Your goal ▸ Among the lines below, output only those between the line holding "This is the" and the line holding "Hi there. Welcome", inclusive, exactly as written and with no pictures.

(Input material)

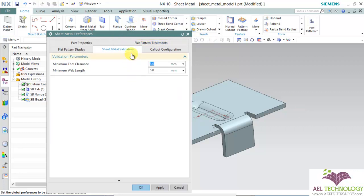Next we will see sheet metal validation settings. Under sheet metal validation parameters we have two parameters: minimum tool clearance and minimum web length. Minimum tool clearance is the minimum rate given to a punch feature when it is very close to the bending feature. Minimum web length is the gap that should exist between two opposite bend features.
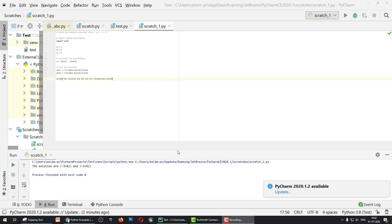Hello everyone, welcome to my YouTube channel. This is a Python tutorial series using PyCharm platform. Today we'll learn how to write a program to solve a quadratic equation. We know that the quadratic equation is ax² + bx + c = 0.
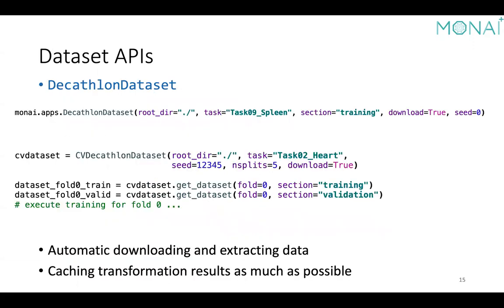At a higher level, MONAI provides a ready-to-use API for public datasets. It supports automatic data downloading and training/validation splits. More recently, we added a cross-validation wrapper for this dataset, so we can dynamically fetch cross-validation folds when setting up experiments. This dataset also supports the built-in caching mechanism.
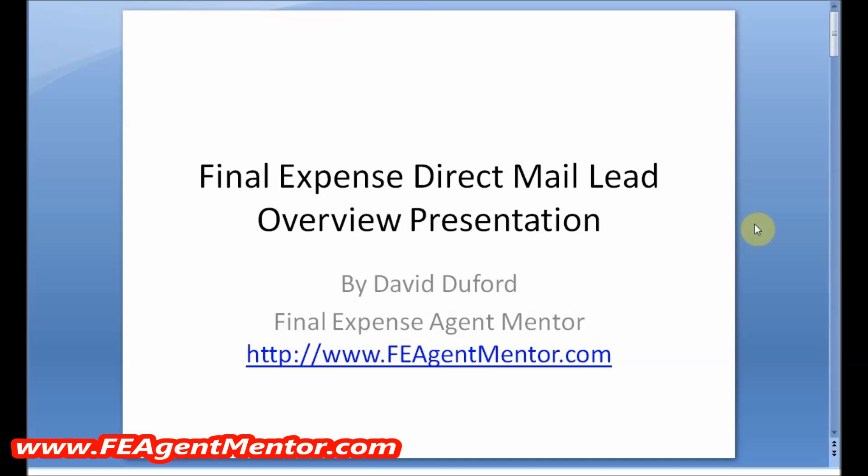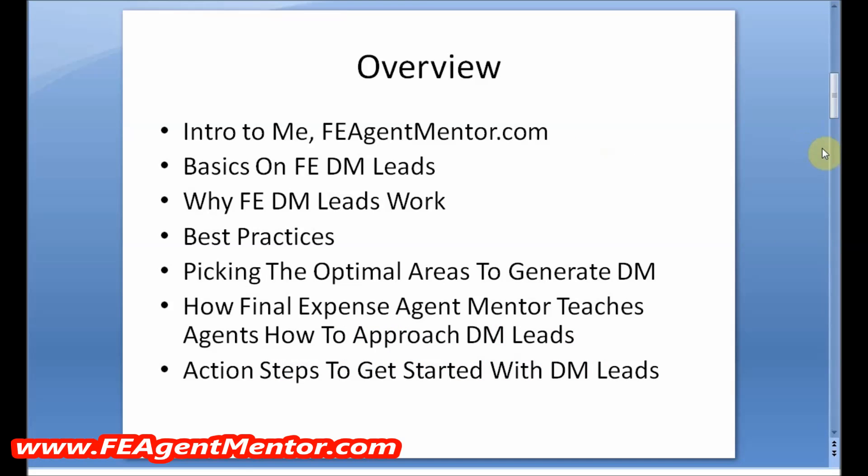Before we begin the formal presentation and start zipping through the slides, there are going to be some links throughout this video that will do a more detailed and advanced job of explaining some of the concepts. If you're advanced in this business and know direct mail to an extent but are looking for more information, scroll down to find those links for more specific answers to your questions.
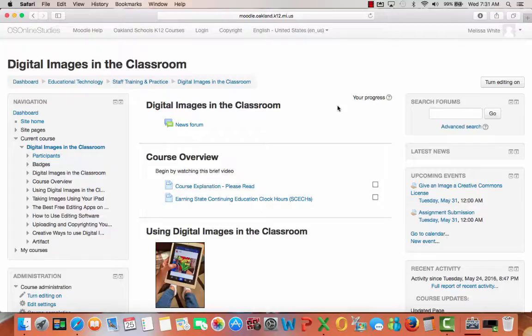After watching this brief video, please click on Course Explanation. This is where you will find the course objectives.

(End Input material)
(Input material)

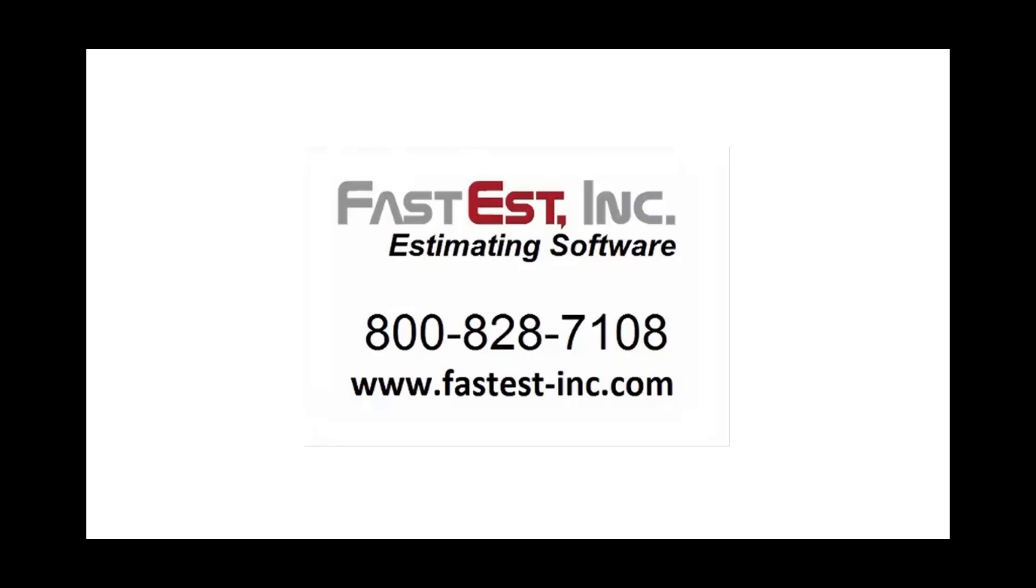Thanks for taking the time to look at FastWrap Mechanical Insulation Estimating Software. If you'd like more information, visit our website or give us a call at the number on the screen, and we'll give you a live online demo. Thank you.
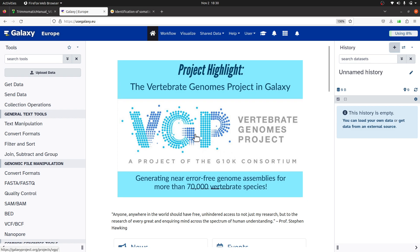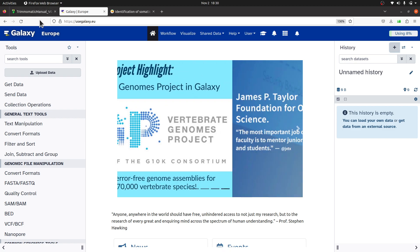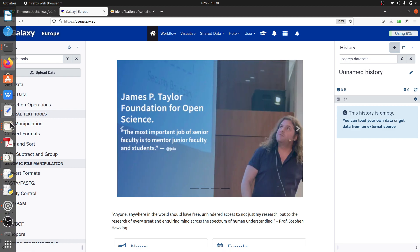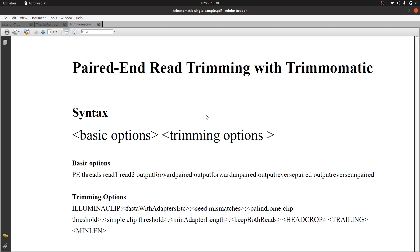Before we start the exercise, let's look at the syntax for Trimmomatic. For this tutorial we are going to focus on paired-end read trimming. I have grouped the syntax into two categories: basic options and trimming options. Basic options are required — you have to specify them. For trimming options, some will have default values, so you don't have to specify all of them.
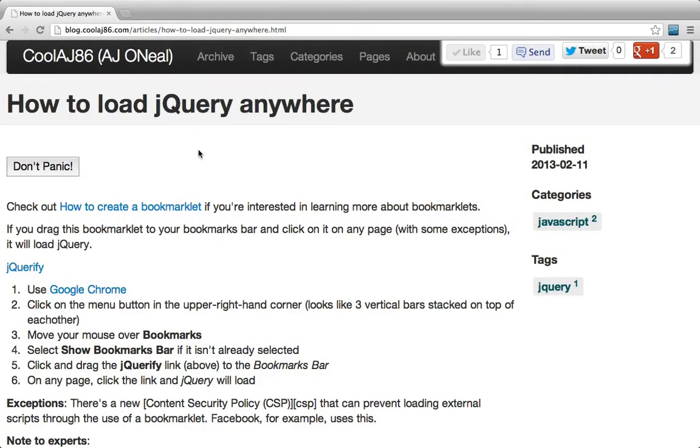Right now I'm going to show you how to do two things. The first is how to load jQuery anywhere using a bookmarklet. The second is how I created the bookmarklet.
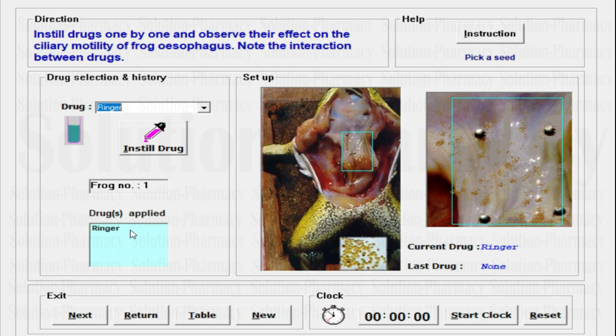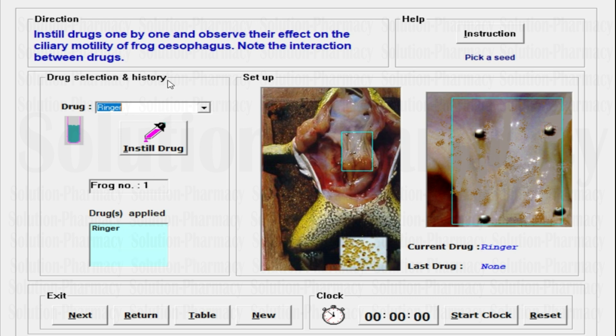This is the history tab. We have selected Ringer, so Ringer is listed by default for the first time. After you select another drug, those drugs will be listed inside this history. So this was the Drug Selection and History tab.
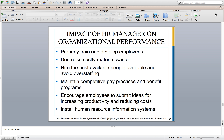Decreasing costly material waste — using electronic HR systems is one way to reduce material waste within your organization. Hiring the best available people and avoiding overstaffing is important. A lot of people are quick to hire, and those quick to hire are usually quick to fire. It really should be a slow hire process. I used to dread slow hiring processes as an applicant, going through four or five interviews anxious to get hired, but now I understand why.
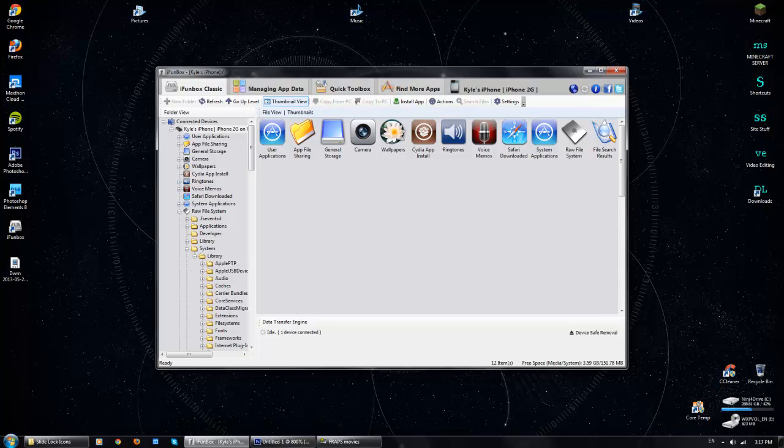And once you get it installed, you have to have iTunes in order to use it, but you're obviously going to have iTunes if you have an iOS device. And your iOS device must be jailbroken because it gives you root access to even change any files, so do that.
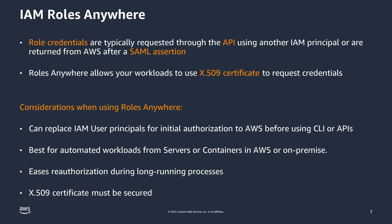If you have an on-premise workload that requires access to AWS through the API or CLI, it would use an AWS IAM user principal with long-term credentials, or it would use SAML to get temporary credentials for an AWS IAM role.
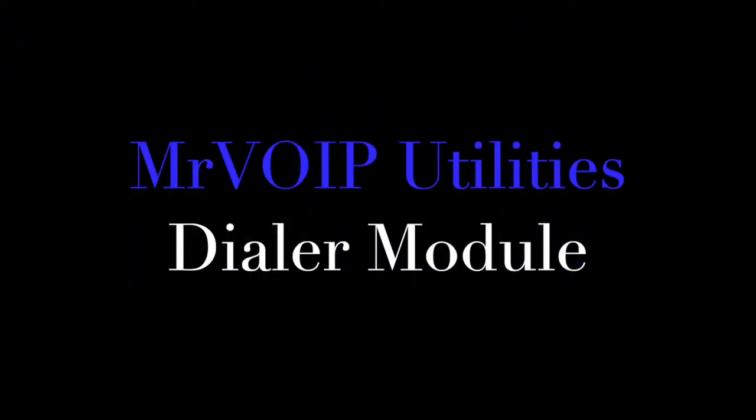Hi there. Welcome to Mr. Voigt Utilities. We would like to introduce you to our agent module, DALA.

(End Input material)
(Input material)

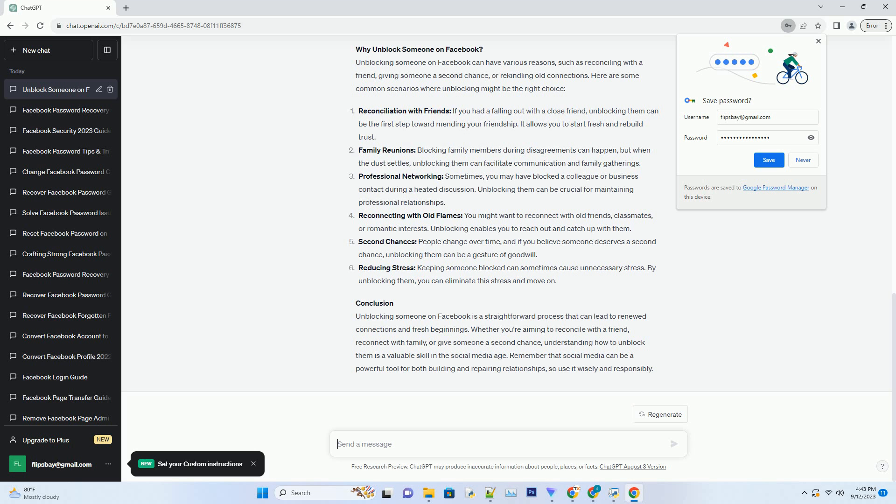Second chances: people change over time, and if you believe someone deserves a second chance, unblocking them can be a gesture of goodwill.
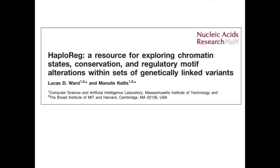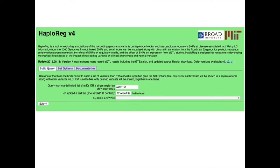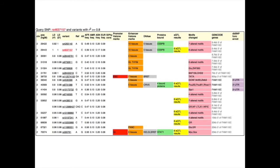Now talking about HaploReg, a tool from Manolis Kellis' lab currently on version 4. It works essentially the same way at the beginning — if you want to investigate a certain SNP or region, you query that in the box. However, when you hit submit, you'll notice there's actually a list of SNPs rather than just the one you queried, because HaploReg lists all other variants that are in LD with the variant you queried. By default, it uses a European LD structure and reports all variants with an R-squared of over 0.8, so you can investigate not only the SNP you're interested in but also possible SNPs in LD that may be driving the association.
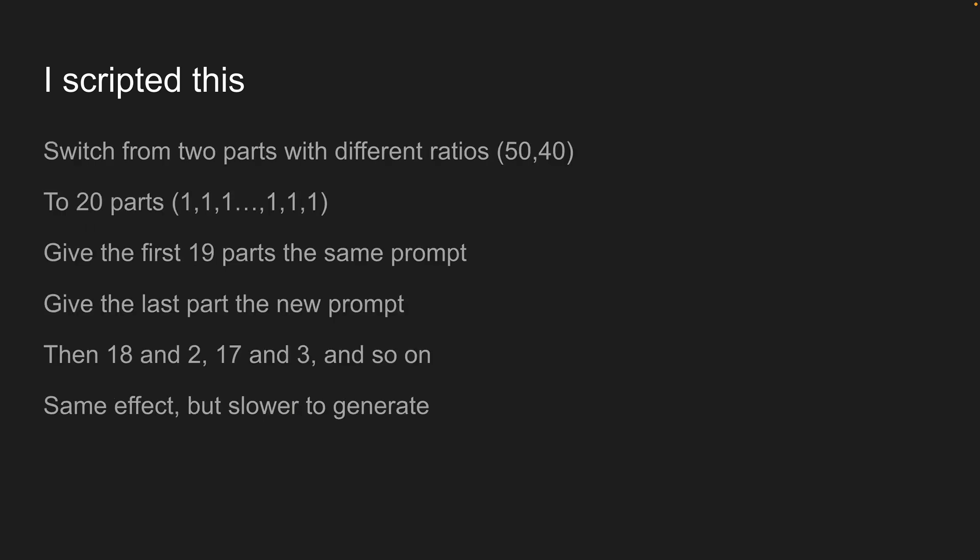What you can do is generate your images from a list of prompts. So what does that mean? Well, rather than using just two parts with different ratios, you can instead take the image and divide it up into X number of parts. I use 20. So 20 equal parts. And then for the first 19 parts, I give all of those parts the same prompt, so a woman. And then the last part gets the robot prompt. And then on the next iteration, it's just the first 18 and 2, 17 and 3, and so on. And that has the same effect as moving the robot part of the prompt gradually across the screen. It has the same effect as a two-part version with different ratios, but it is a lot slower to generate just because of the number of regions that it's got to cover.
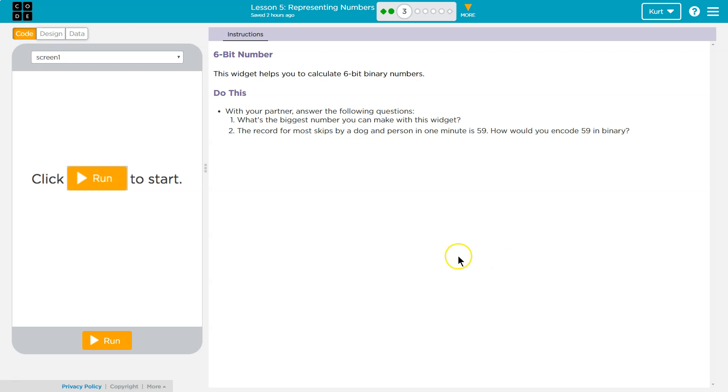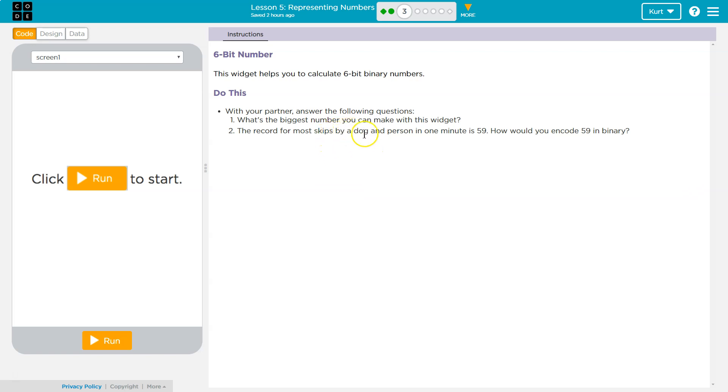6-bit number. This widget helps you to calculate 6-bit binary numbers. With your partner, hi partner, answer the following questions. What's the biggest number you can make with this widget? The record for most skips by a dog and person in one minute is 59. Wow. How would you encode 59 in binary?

(End Input material)

Response to this exercise ▸
This is the history tab. We have selected Ringer, so Ringer is listed by default for the first time. After you select another drug, those drugs will be listed inside this history. So this was the Drug Selection and History tab.
Decreasing costly material waste — using electronic HR systems is one way to reduce material waste within your organization. Hiring the best available people and avoiding overstaffing is important. A lot of people are quick to hire, and those quick to hire are usually quick to fire. It really should be a slow hire process. I used to dread slow hiring processes as an applicant, going through four or five interviews anxious to get hired, but now I understand why.
And once you get it installed, you have to have iTunes in order to use it, but you're obviously going to have iTunes if you have an iOS device. And your iOS device must be jailbroken because it gives you root access to even change any files, so do that.
If you have an on-premise workload that requires access to AWS through the API or CLI, it would use an AWS IAM user principal with long-term credentials, or it would use SAML to get temporary credentials for an AWS IAM role.
Hi there. Welcome to Mr. Voigt Utilities. We would like to introduce you to our agent module, DALA.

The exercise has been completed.